◆ Records shown:
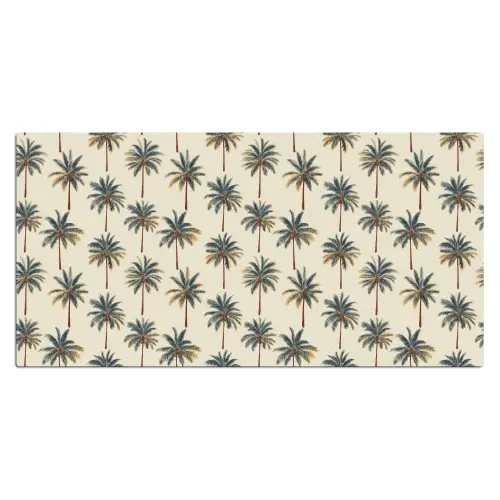 Palmbomen - Tropisch - Groen Muismat XXL klein 681 -3d_leeg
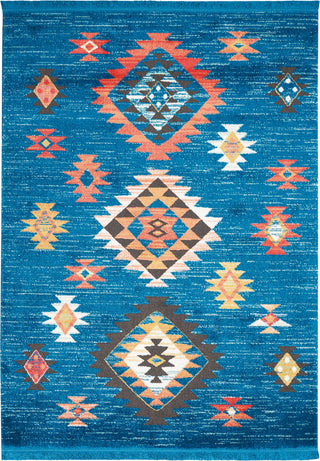 Nourison Tribal Decor TRL07 Blue Area Rug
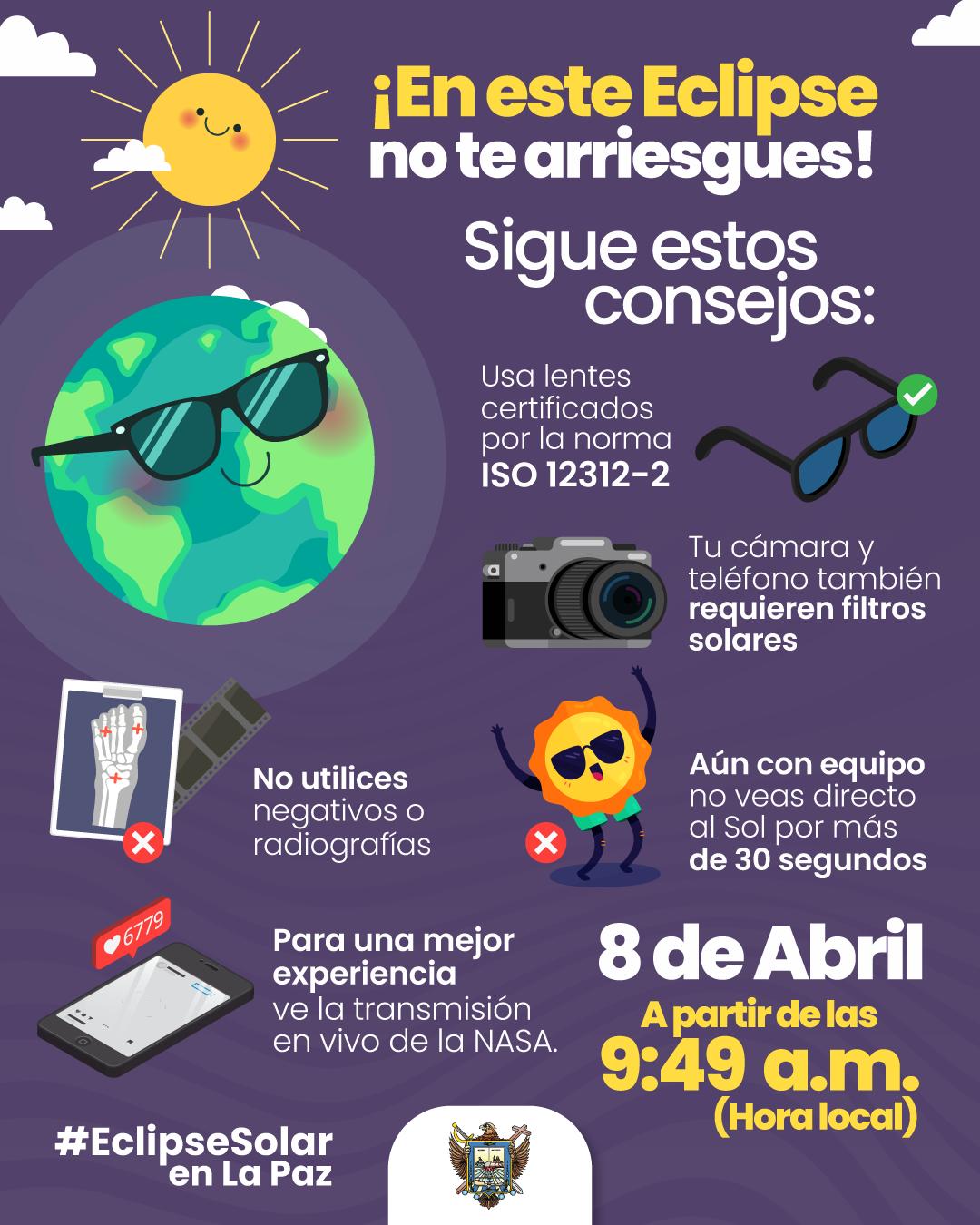 Brinda Protecci N Civil Recomendaciones Para Disfrutar El Eclipse Solar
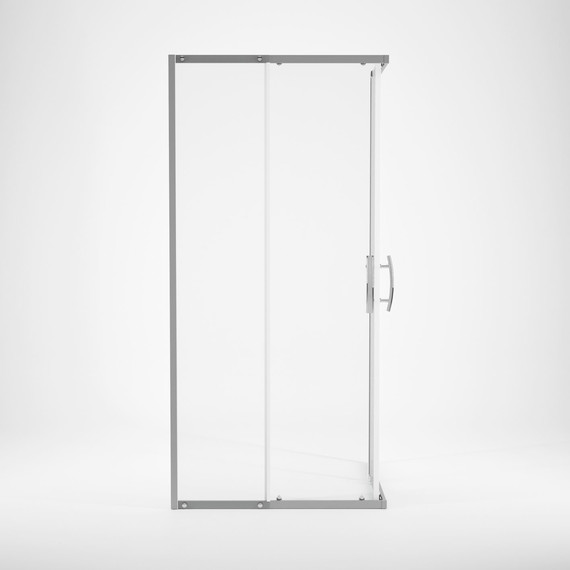 Душевое ограждение Mirsant Neo-90 Quadro 90х90 см, хром/прозрачное фото 5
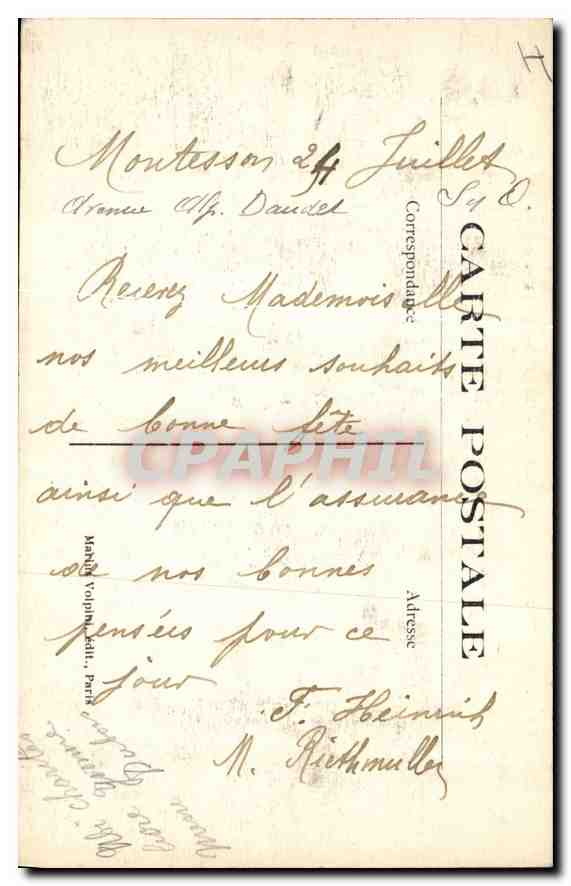 CPA Saint Germain en Laye le Chateau et la Gare  — Verso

◆ Assignment: Copy out the preceding entries without a single change, leaving out the pictures.

◆ Output:
 Palmbomen - Tropisch - Groen Muismat XXL klein 681 -3d_leeg
 Nourison Tribal Decor TRL07 Blue Area Rug
 Brinda Protecci N Civil Recomendaciones Para Disfrutar El Eclipse Solar
 Душевое ограждение Mirsant Neo-90 Quadro 90х90 см, хром/прозрачное фото 5
 CPA Saint Germain en Laye le Chateau et la Gare  — Verso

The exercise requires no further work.